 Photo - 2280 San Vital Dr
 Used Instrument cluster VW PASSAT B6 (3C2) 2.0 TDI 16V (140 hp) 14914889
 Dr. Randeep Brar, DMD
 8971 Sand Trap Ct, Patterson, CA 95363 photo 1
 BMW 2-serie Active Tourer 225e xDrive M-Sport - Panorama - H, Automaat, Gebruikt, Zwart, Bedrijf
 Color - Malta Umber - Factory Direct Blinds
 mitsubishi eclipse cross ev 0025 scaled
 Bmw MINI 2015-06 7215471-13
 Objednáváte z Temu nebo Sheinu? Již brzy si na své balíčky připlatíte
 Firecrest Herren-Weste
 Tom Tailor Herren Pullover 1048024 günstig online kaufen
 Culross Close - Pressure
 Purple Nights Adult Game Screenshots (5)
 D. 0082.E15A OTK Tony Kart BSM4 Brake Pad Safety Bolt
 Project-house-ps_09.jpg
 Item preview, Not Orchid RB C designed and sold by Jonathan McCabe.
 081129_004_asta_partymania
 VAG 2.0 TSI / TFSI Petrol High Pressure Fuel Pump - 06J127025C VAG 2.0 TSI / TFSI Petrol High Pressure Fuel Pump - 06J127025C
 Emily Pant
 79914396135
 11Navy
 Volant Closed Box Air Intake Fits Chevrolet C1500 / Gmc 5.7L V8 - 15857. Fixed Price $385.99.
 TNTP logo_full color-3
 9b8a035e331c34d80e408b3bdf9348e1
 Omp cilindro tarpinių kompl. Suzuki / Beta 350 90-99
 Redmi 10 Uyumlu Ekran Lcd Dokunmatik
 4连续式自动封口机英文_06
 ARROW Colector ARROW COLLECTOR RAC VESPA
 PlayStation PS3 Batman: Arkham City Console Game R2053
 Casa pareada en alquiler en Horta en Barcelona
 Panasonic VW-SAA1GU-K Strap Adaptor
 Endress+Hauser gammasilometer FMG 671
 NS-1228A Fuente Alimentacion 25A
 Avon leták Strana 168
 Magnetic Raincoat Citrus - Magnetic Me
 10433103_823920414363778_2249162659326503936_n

● ● ● ● ●

**Task to complete**
Please reproduce all of the material exactly.

**Exercise result**
 Photo - 2280 San Vital Dr
 Used Instrument cluster VW PASSAT B6 (3C2) 2.0 TDI 16V (140 hp) 14914889
 Dr. Randeep Brar, DMD
 8971 Sand Trap Ct, Patterson, CA 95363 photo 1
 BMW 2-serie Active Tourer 225e xDrive M-Sport - Panorama - H, Automaat, Gebruikt, Zwart, Bedrijf
 Color - Malta Umber - Factory Direct Blinds
 mitsubishi eclipse cross ev 0025 scaled
 Bmw MINI 2015-06 7215471-13
 Objednáváte z Temu nebo Sheinu? Již brzy si na své balíčky připlatíte
 Firecrest Herren-Weste
 Tom Tailor Herren Pullover 1048024 günstig online kaufen
 Culross Close - Pressure
 Purple Nights Adult Game Screenshots (5)
 D. 0082.E15A OTK Tony Kart BSM4 Brake Pad Safety Bolt
 Project-house-ps_09.jpg
 Item preview, Not Orchid RB C designed and sold by Jonathan McCabe.
 081129_004_asta_partymania
 VAG 2.0 TSI / TFSI Petrol High Pressure Fuel Pump - 06J127025C VAG 2.0 TSI / TFSI Petrol High Pressure Fuel Pump - 06J127025C
 Emily Pant
 79914396135
 11Navy
 Volant Closed Box Air Intake Fits Chevrolet C1500 / Gmc 5.7L V8 - 15857. Fixed Price $385.99.
 TNTP logo_full color-3
 9b8a035e331c34d80e408b3bdf9348e1
 Omp cilindro tarpinių kompl. Suzuki / Beta 350 90-99
 Redmi 10 Uyumlu Ekran Lcd Dokunmatik
 4连续式自动封口机英文_06
 ARROW Colector ARROW COLLECTOR RAC VESPA
 PlayStation PS3 Batman: Arkham City Console Game R2053
 Casa pareada en alquiler en Horta en Barcelona
 Panasonic VW-SAA1GU-K Strap Adaptor
 Endress+Hauser gammasilometer FMG 671
 NS-1228A Fuente Alimentacion 25A
 Avon leták Strana 168
 Magnetic Raincoat Citrus - Magnetic Me
 10433103_823920414363778_2249162659326503936_n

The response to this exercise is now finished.